WHAT IS NEEDED
The answer is the exact run of lines in the listing below from the line containing "Una foto de Arroz cremoso con setas y gambas" up to and including the line containing "Apartment Pula Relax", with pictures removed.

EXCERPTED DATA
§ §

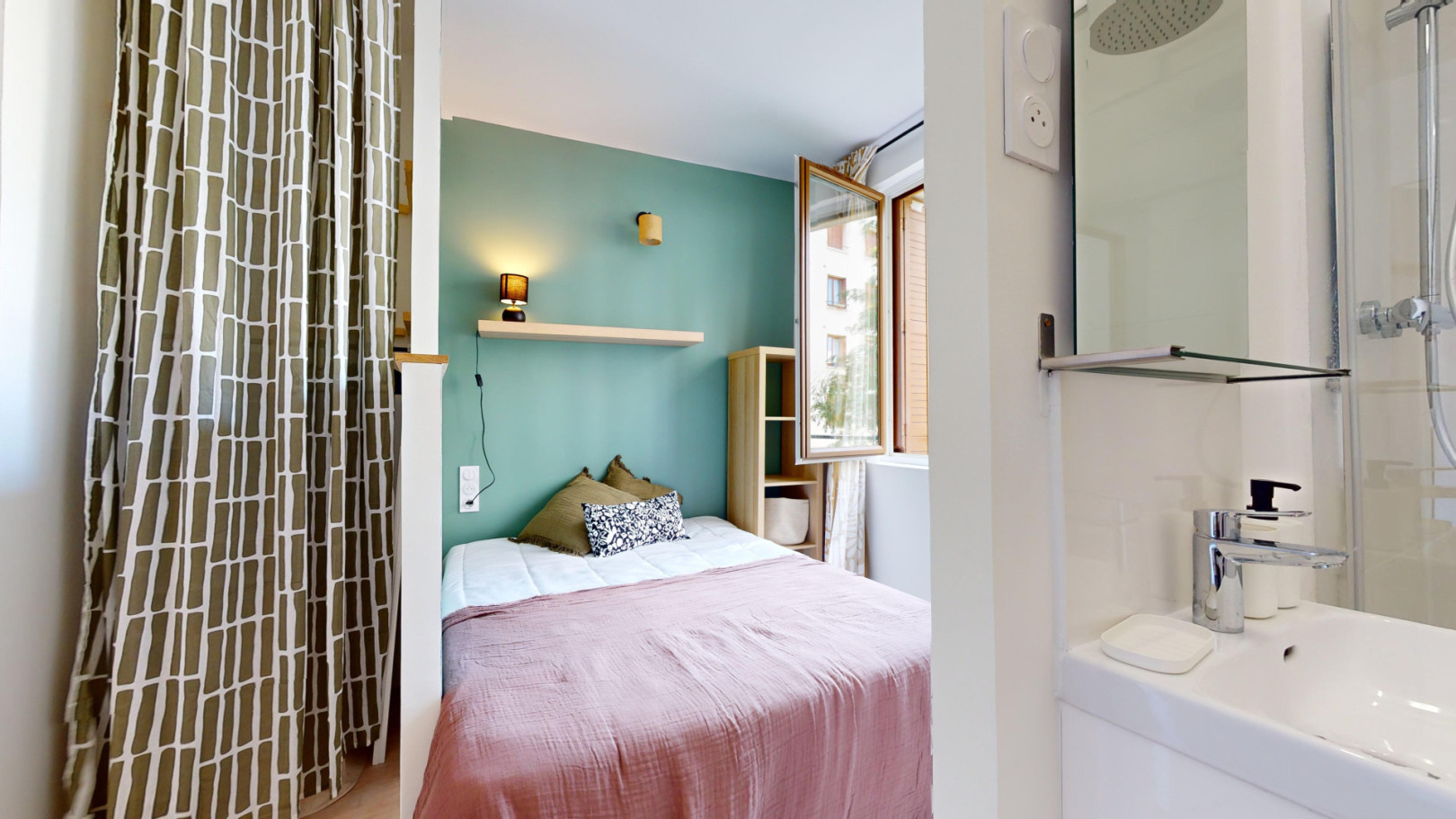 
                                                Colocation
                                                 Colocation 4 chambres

§ §

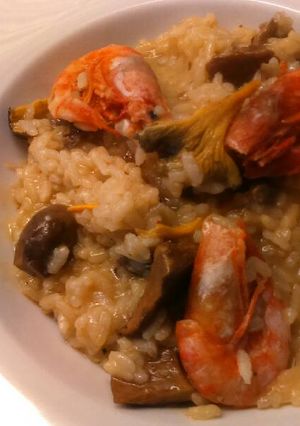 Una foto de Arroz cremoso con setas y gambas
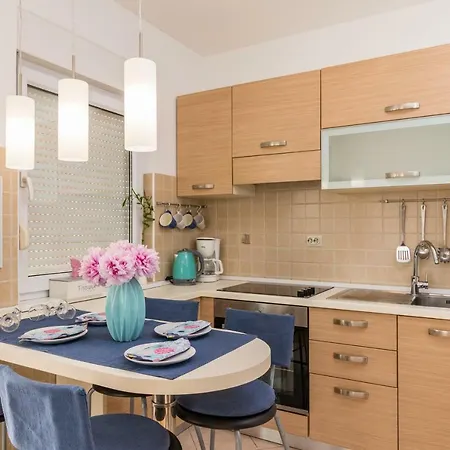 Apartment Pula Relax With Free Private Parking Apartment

§ §

SOLUTION TO THIS EXERCISE
 Una foto de Arroz cremoso con setas y gambas
 Apartment Pula Relax With Free Private Parking Apartment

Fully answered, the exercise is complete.